USD/JPY.... last qtr 107.00 was the pivot and the low risk level to buy dollars.
This qtr we'll be using 118.60 (84.30 Futures) close as our macro pivot.
Euro...118.75-120 has been the macro pain zone for traders for two decades. It was a Bull trap on the way to 160 and has been a Bear trap area since 2005, providing several 20 figure rallies.
Our qtrly pivot level is 124.30, however the yearly charts show low risk entry against 121.
The annual chart shows that it's finally ripe for a move through this level. Given the short-term condition of the market we are sellers of rallies into the foreseeable future.

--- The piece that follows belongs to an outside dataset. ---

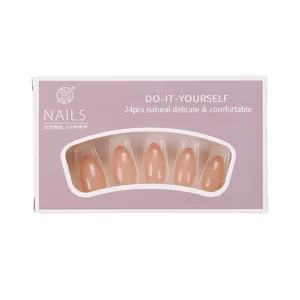 Nude pink gradient oval press-on nails set with 24 pieces in a window display box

GBP/USD... 156.30 is this qtr's closing barometer. Sell rallies against this level. Only closes above will lead to Pound strength.
Commodities...
Gold & Silver...have lost their luster.
Gold... needs to close over 1242 before I get excited about a rally.

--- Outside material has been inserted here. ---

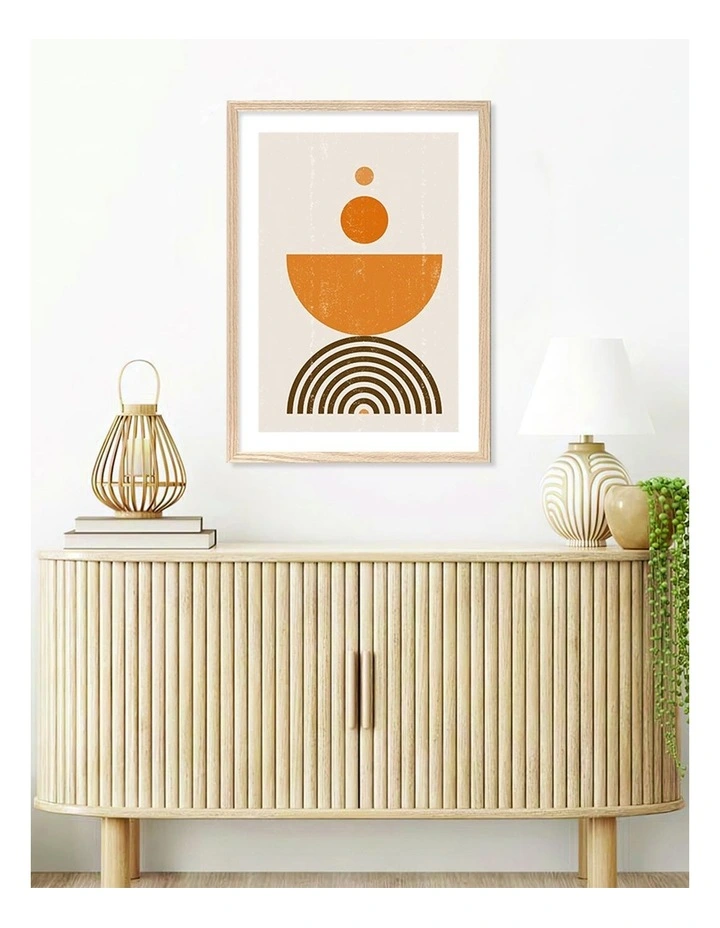 Australian Made Orange Boho Sun Bowl Art Print A2 in Natural Frame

It looks to be a big trading affair with 1265-75 another possible Bull trap.
The downside could take it closer to 1080.
Silver... will need closes over 17 to get excited about an upside.
Like Gold we look at it as an opportunistic 2-way trade.
Copper.. 2.95 will act as resistance and the closing upside pivot, Remaining below 2.95 could see an eventual 2.50 print.
4th qtr outlook
Oil.... On a macro basis, there is no upside breakout until we close over 104.70-105.30 (last qtr's high). Oil elected the long-term buy stops over this level.
This qtr 96.00 will be our resistance level and upside closing pivot.
Closes below 90 will lead to a much deeper correction.
1st qtr 2015...
OIL...54.10 should be used for general market tone. Closes over 56.50 are needed for strength.
Prints into the downside target handles of 49 followed by 43 are levels to look for short covering rallies.
These are simply levels that you should not look to initiate trades from the short side the first time in.
Brent...60 will be pivotal. Closes over 61 are needed to confirm upside.
Natgas...?3.19 is qtrly resistance and the closing upside pivot.
Grains...?we're going to wait for this trade to set up again.
General Outlook..
Equities Indices...
Spu's...have yet to reach our 2120 swing count from last qtr.
Targets are just that. They are a # that should trade sometime in the future.
I.E. long term targets generated in USD/JPY in 1995 took until 2011 to be traded.
It's all about the journey. "How prices will get from point A to point B"
Don't get hung up and where the market is supposed to be, being right can be an expensive proposition.
Trade the hand that's being dealt. Trade to make money not to be right.
As of now a lot of sectors show topping patterns,ORL's in XLF,XLV,IBB,IYT,IYC,XLY Dec 31st.
I look for the Indices to be in for some two way back and fill trade into the ECB meeting Jan 22, after which the board willl sort itself out for another move.
Individual instruments need to be traded off their own technical s, not that of the Indices.
Instruments should be re-evaluated one step "one macro level at time."
What goes up farther than people expected can go lower than people expect.
A prepared investor should have their Sector & Individual shopping list ready when markets swoon.
October 2014 was a perfect example. Nasd 100 traded the published downside tgt. and the Spu's missed by 3 points before reversing higher.
OIL...this qtr. as in the last, we look for an opportunistic 2-way trade using the technical levels for our bias.
We continue expect the Oil majors to be a big trade this qtr. Line them up with the Oil.
They have been holding up much better than the Crude prices
Currencies...I continue to be friendly to the U.S. Dollar over the intermediate term.
Care needs to be exercised with a Risk off Board, as Yen Buying on the crosses will be a natural side effect.
The Fundamental story follows the technical s.
Being a pragmatic technician, using the correct levels to manage risk, allows the prudent investor to be right market direction with limited downside.
We'll update our outlook and tgt's as market pricing dictate.??